I know they can only correctly execute after instructions before them in Re-Order Buffer are committed. My doubt is, do modern processors hold them till they are last in ROB or do any prediction counters/structures are used even for predicting the flag values like, Zero flag, or Carry flag, and then redo them if they were mispredicted

Tiwari
  • 1,014
  • 2
  • 12
  • 22

1 Answers1

4

I know they can only correctly execute after instructions before them in Re-Order Buffer are committed.

No, they only need their own inputs to be ready: those specific previous instructions executed, not retired / committed.

Conditional-move instructions (and ARM predicated execution) treat the flags input as a data dependency, just like add-with-carry, or just like an integer input register. The conditional instruction can't be sent to an execution unit until all 3 of its inputs are ready1. (Or on ARM, flags + however many inputs the predicated instruction normally has.)

Unlike with control dependencies (branches), they don't predict or speculate what the flags will be, so a cmovcc instead of a jcc can create a loop-carried dependency chain and end up being worse than a predictable branch. gcc optimization flag -O3 makes code slower than -O2 is an example of that.

Linus Torvalds explains in more detail why cmov often sucks: https://yarchive.net/comp/linux/cmov.html

(ARM predicated execution might be handled slightly differently. It has to logically NOP the instruction, even for a load or store to an invalid address. This might be handled with just fault suppression for conditional loads. I don't know if an instruction with a false predicate still costs any latency in the dependency chain for the destination register.)
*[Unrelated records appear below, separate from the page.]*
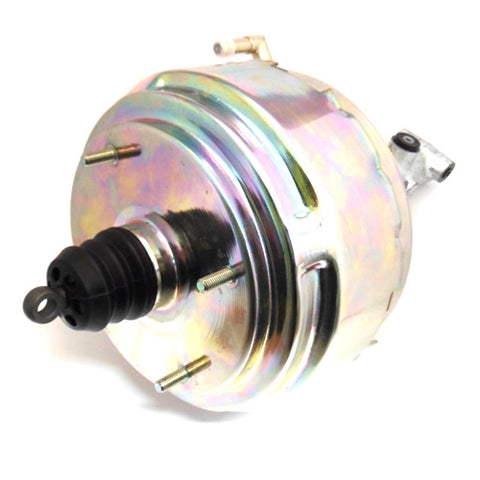 Brake Servo, with Master Cylinder	124517
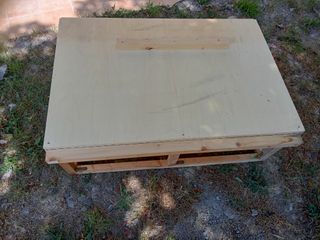 Cama plegable Fiat Dobló 116x157cm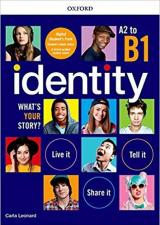 IDENTITY A2B1 PREMIUM PK (STUDENT BOOK/WOORKBOOK + EBOOK CODE)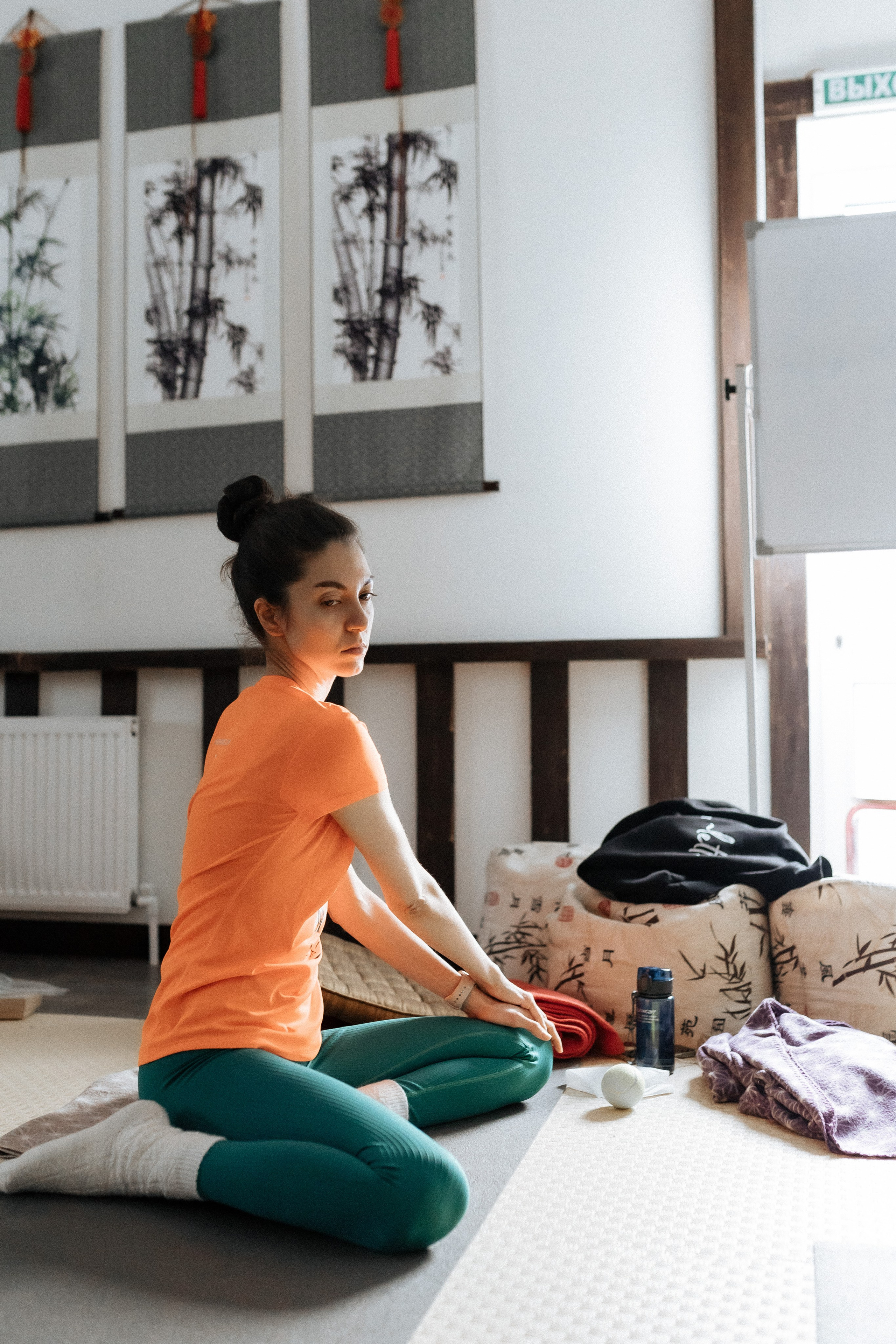 Пробуждение, Йога дача! Репортаж. Профессиональный фотограф, Москва |Видное Елена Елизарова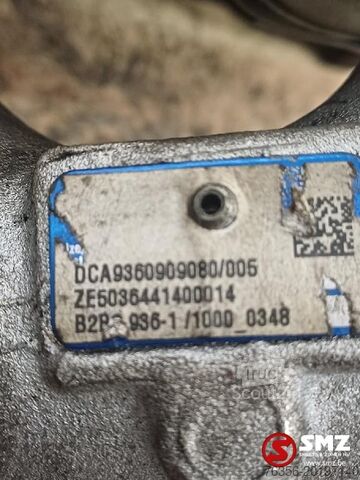 Turbo Mercedes Occ turbocharger OM936 Mercedes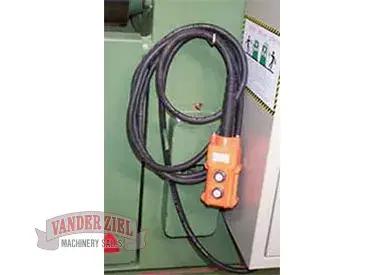 New | in-Stock CHICAGO IPR 5312 Plate Bending Rolls including Pinch Michigan US | Vander Ziel Machinery Sales #483011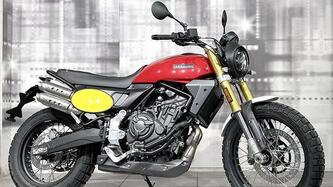 Fantic Motor Caballero 700 (2023 - 25) nuova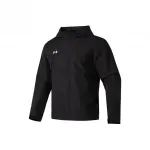 Under Armour Непромокаемая ветровка унисекс, Black - фото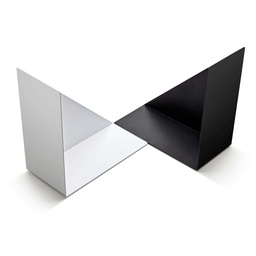 Byblos - L-Shaped Steel Magnetic Shelf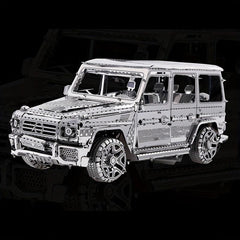 3D Metal Jigsaw Puzzle Off road Vehicle Birthday Gift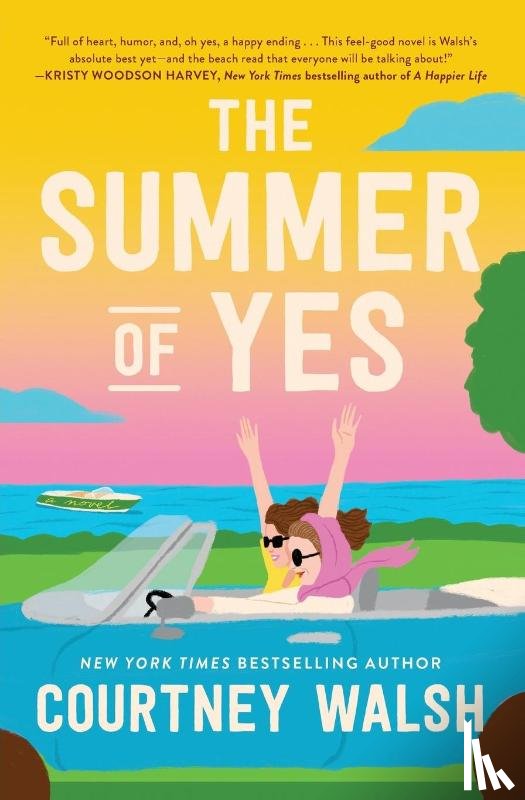 Walsh, Courtney - The Summer of Yes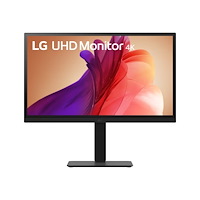 LG LG 27BA45U-B - LED-skärm - 27" - HDR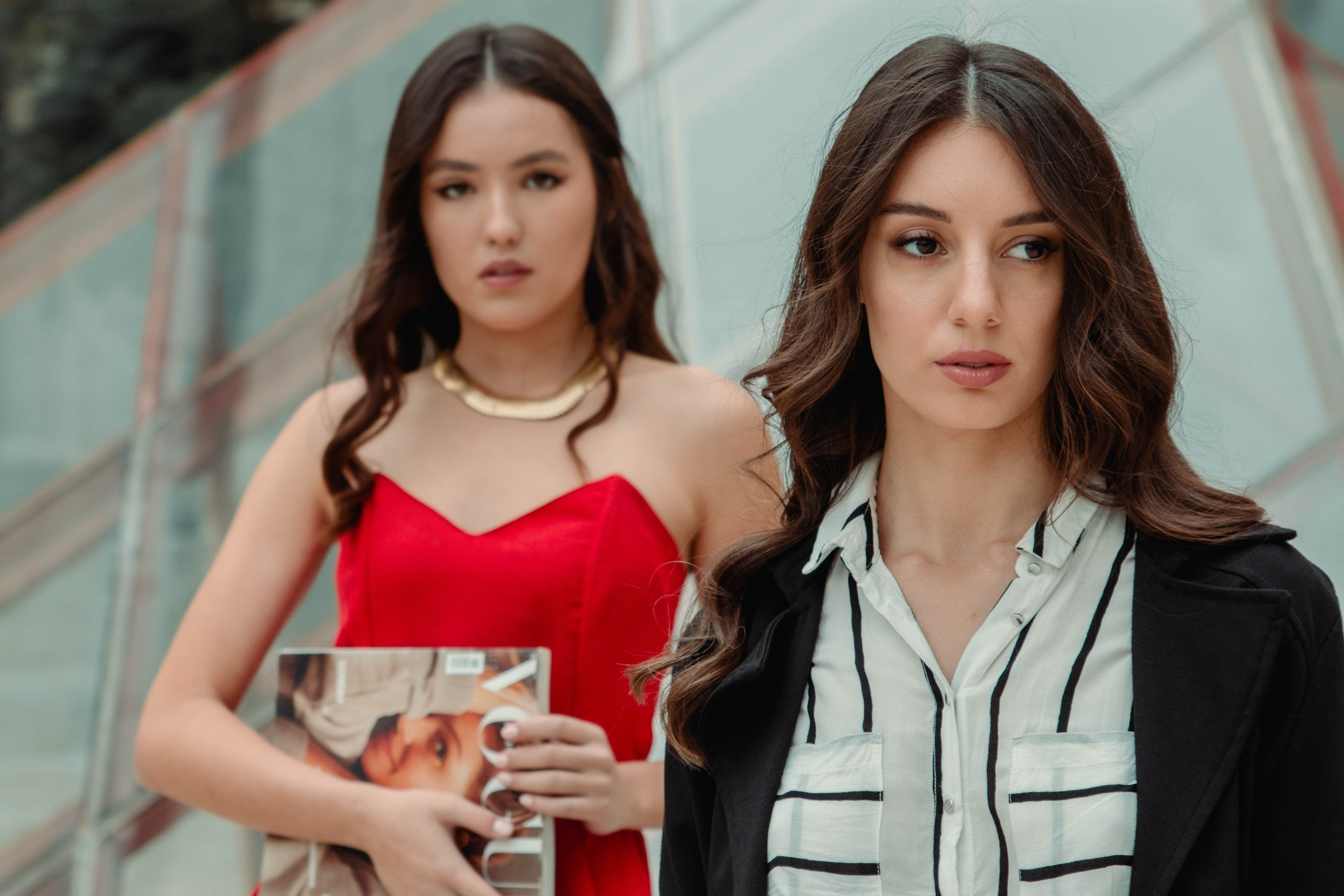 Dandasha Winter. Kseny Kolesnik Photography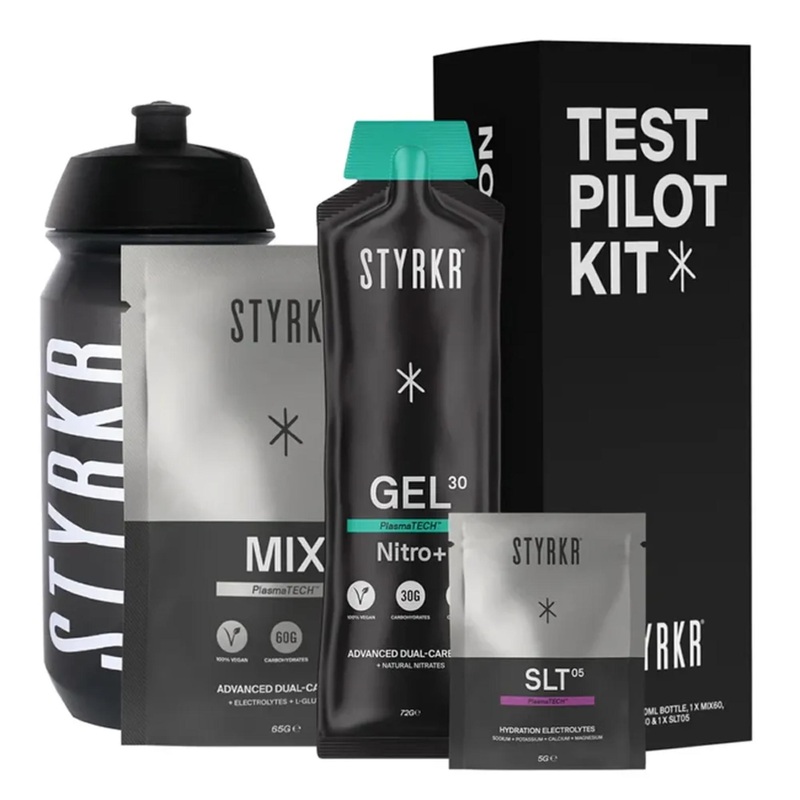 STYRKR Test Pilot Kit One Size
Footnote 1: This is why cmovcc and adc are 2 uops on Intel before Broadwell: a single uop couldn't have 3 input dependencies. Haswell introduced support for 3-input uops for FMA.

cmov instructions that read CF and one of the SPAZO flags (i.e. cmova and cmovbe which read CF and ZF) are actually still 2 uops on Skylake. See this Q&A for detail: it seems that those two separately-renamed groups of flags are both separate inputs, avoiding flag-merging. See also https://uops.info/ for uop counts.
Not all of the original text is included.